National flags of South Korea and China (123rf) |
The Chinese Ambassador to South Korea urged a Korean lawmaker who leads a parliamentary semiconductor committee to exclude “external interference” in chip supply chains and for closer bilateral cooperation in chips, according to the Chinese embassy in Seoul.
“China is willing to work with South Korea under the principle of a fair and just market, eliminate external interference, strengthen cooperation in semiconductors and other fields, and jointly maintain the stability of the global industrial chain and supply chain,” Ambassador Xing Haiming told Rep. Yang Hyang-ja of the ruling People Power Party on Monday. The embassy disclosed details of the meeting on its WeChat social media account, according to local reports.
Yang, a former Samsung Electronics executive-turned-lawmaker, has been leading the special committee dedicated to nurturing domestic semiconductor industry since June.
Yang was not immediately available for comment regarding the matter.
This is the latest signal from Beijing to Seoul, showing its disapproval of Seoul’s membership in a United States-led chip alliance.
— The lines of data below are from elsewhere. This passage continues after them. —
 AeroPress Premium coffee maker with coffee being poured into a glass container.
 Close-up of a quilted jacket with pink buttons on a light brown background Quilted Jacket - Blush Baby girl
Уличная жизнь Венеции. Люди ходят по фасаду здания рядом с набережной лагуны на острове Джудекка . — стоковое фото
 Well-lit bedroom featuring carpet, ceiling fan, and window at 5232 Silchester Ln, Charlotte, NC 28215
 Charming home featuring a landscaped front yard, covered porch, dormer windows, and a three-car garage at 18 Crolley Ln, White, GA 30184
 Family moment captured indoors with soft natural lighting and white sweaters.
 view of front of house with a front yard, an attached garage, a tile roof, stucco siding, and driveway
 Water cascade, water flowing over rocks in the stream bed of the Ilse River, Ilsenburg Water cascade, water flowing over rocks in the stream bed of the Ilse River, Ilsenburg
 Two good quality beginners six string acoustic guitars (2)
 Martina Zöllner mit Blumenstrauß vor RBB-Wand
Beijing has raised concerns about the growing pressure from the US for South Korea to join a new chip alliance called Chip 4, which has been proposed to Japan, Taiwan and South Korea, in an apparent move by the US to keep China in check in the global chip supply chain.
The US earlier in July requested that South Korea decide whether to join the alliance before the end of August through diplomatic channels.
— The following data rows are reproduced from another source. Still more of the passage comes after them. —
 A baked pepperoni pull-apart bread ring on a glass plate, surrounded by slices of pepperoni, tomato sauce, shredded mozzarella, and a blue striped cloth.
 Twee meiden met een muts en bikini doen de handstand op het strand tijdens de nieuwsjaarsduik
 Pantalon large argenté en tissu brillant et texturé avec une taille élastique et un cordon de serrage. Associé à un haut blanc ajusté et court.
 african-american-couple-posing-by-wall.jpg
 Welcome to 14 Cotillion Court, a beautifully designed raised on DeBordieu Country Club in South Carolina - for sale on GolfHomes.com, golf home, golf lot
In response, on July 22, Chinese Foreign Ministry spokesperson Zhao Lijian said the US’ call for the Chip 4 alliance “goes against the current” in the global economy in pursuit of fairness and integration.
China’s state-run mouthpiece Global Times on July 21 wrote in an editorial that taking sides with the US against China in terms of semiconductor alliance will bring about a “commercial suicide,” adding the US is “now handing South Korea a knife and forcing it to do so.”
Korean chipmaking giants are bracing against possible retaliatory actions by the Chinese government. Samsung Electronics produces 40 percent of its NAND flash memory chips at its Xi’an plant, or 10 percent of the global supply. SK hynix also runs a DRAM plant in Wuxi that takes up 50 percent of its total DRAM production.
China‘s retaliation as a result of South Korea’s failure to maintain strategic ambiguity has been nothing new. Korea’s decision to deploy the US-led Terminal High Altitude Area Defense system on its soil, a move meant to deter a nuclear attack from North Korea, triggered China’s economic retaliation against Seoul in the late 2010s. The retaliations caused great damages to South Korea’s tourism industry, among others.